-- DATASET CONTENT --
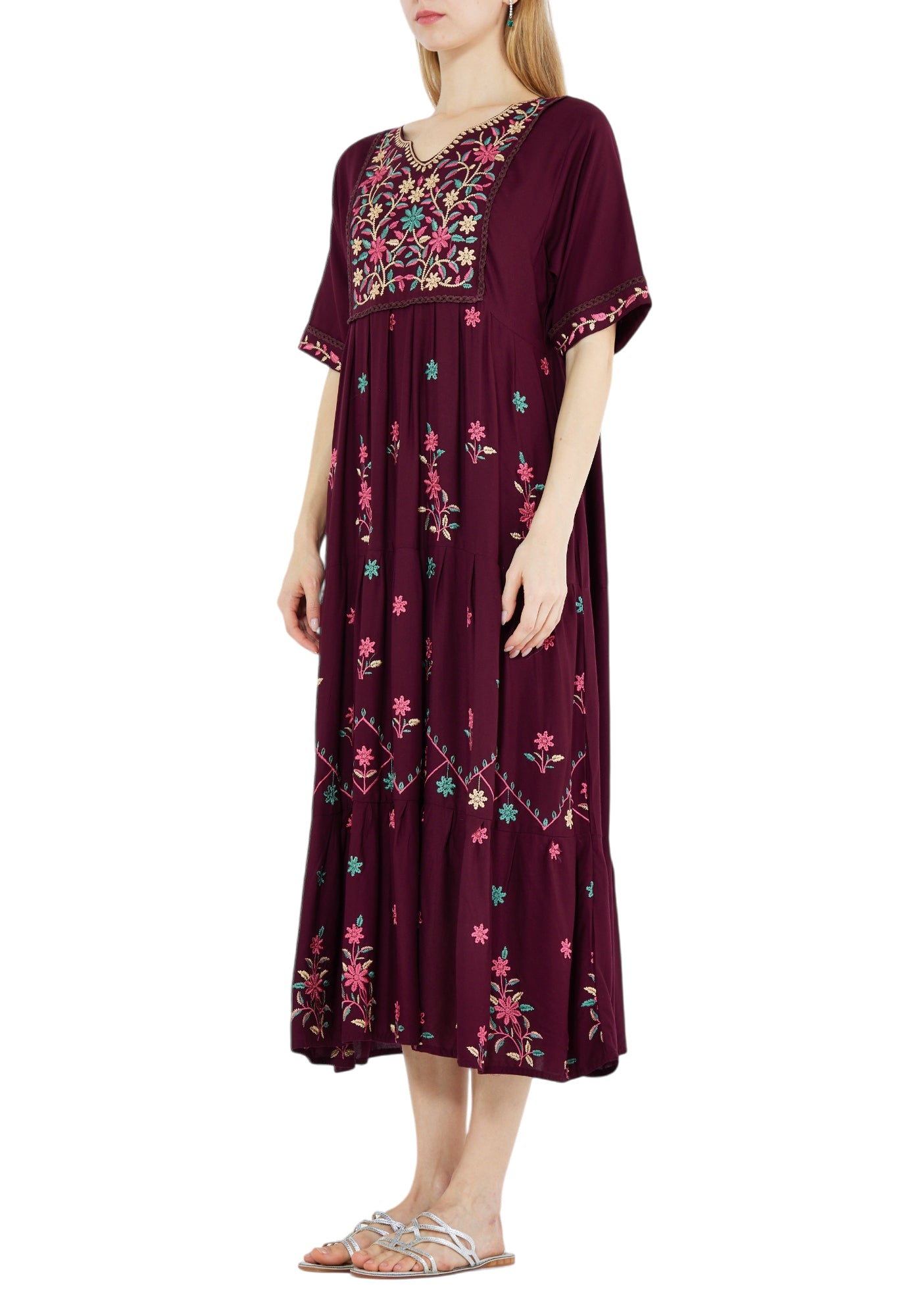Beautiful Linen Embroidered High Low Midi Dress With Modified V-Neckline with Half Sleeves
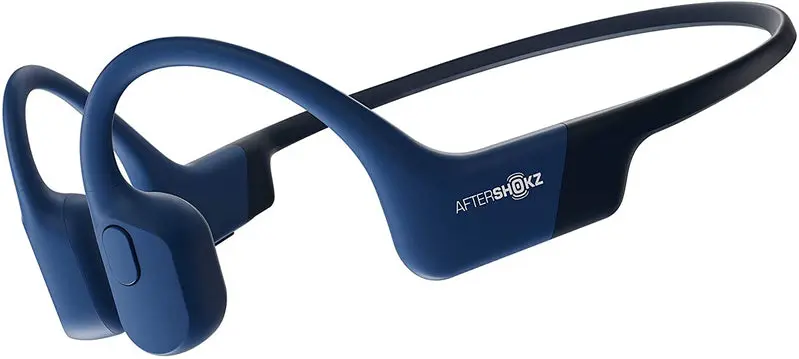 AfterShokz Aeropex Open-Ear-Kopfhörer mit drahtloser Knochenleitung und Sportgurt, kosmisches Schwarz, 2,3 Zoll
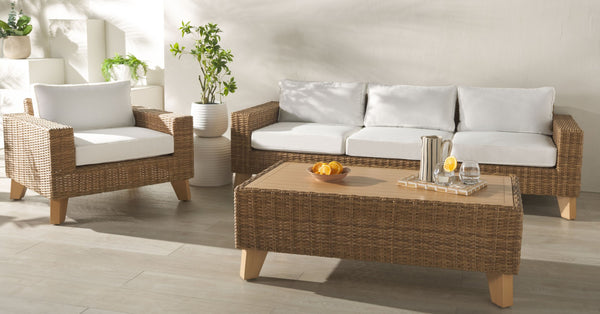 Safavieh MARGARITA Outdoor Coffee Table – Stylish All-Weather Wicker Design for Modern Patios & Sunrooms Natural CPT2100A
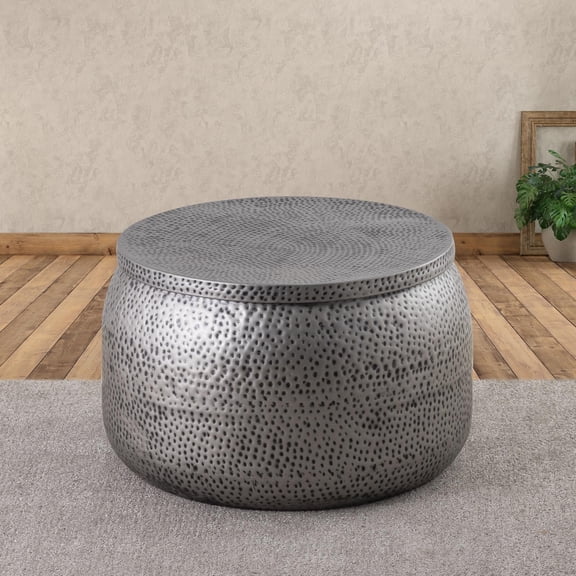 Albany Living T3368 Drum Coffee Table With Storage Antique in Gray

-- ASSIGNMENT --
Copy nothing but the lines from the line that contains "AfterShokz Aeropex Open-Ear-Kopfhörer" through the end of the listing, exactly, and keep pictures out of it.

-- EXPECTED ANSWER --
 AfterShokz Aeropex Open-Ear-Kopfhörer mit drahtloser Knochenleitung und Sportgurt, kosmisches Schwarz, 2,3 Zoll
 Safavieh MARGARITA Outdoor Coffee Table – Stylish All-Weather Wicker Design for Modern Patios & Sunrooms Natural CPT2100A
 Albany Living T3368 Drum Coffee Table With Storage Antique in Gray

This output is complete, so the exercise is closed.